November 29, 2011

American Airlines Parent AMR Corp. Files for Bankruptcy

American Airlines parent AMR Corp. (AMR) filed for bankruptcy after failing to secure cost-cutting labor agreements and sitting out a round of mergers that dropped it from the world’s largest airline to No. 3 in the U.S.

With the filing, American became the final large U.S. full- fare airline to seek court protection from creditors. The Fort Worth, Texas-based company, which traces its roots to 1920s air- mail operations in the Midwest, listed $24.7 billion in assets and $29.6 billion in debt in Chapter 11 papers filed today in U.S. Bankruptcy Court in Manhattan. Chairman Gerard Arpey will retire and be replaced by Thomas Horton, AMR said.
AMR was determined to avoid Chapter 11 in the years after the 2001 terrorist attacks, as peers used bankruptcy to shed costly pension and retiree benefit plans and restructure debt. American later watched as rival carriers combined, giving them larger route networks that were more attractive to lucrative corporate travel customers.

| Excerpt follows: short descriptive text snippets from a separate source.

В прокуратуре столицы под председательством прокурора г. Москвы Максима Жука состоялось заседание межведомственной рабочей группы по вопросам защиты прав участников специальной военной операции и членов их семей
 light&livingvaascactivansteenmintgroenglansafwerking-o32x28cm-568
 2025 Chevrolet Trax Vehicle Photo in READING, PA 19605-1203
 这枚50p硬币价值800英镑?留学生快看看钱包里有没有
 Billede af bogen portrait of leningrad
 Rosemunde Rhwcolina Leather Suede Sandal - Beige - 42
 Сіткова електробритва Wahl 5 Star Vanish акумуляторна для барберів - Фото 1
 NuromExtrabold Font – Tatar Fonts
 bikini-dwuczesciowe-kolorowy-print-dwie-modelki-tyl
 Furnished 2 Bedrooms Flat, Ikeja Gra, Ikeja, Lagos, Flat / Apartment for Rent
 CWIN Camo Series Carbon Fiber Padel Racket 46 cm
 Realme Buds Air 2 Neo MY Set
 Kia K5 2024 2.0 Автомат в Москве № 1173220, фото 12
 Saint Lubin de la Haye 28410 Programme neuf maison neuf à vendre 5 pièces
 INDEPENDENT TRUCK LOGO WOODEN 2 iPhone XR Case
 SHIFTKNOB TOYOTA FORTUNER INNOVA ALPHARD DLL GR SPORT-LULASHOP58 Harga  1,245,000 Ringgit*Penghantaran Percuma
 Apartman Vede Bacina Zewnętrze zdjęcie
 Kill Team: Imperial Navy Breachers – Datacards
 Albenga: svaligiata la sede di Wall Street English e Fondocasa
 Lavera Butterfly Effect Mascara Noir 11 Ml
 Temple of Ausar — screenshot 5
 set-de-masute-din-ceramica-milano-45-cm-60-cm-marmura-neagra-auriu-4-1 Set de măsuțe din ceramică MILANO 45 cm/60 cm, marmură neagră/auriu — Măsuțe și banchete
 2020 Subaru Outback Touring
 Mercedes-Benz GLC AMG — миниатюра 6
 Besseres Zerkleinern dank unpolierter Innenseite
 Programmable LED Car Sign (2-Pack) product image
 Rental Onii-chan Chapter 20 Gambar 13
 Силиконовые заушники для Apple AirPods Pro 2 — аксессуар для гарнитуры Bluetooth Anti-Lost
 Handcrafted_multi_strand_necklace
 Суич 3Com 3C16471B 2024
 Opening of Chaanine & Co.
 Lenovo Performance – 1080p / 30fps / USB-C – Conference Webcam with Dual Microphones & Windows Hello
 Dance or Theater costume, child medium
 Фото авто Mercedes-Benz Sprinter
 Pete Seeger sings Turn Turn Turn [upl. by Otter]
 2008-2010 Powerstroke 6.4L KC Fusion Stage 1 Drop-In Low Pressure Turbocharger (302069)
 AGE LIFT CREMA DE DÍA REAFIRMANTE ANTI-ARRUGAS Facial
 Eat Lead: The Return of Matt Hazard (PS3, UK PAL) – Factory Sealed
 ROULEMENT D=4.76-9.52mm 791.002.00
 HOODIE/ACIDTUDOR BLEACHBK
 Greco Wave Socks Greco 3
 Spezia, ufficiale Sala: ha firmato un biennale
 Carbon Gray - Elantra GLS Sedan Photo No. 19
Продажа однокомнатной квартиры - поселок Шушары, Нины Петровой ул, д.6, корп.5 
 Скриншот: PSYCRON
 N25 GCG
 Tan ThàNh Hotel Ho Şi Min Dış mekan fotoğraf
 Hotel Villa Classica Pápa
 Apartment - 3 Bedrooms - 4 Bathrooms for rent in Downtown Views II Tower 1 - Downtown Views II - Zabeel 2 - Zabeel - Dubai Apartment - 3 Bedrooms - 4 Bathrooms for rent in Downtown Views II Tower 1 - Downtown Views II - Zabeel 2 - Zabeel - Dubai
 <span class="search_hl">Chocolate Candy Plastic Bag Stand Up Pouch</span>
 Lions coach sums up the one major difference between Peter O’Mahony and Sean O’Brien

American was embroiled in negotiations with unions for all of its major work groups as far back as 2006, seeking to boost employee productivity and erase part of what it said was an $800 million labor-cost disadvantage to other carriers.
The airline’s pilots, flight attendants, mechanics and baggage handlers wanted to use the contract talks to regain some of the $1.6 billion in annual concessions they gave in 2003 to help the company avoid bankruptcy.
The case is In re AMR Corp., 11-15463 U.S. Bankruptcy Court, Southern District of New York (Manhattan).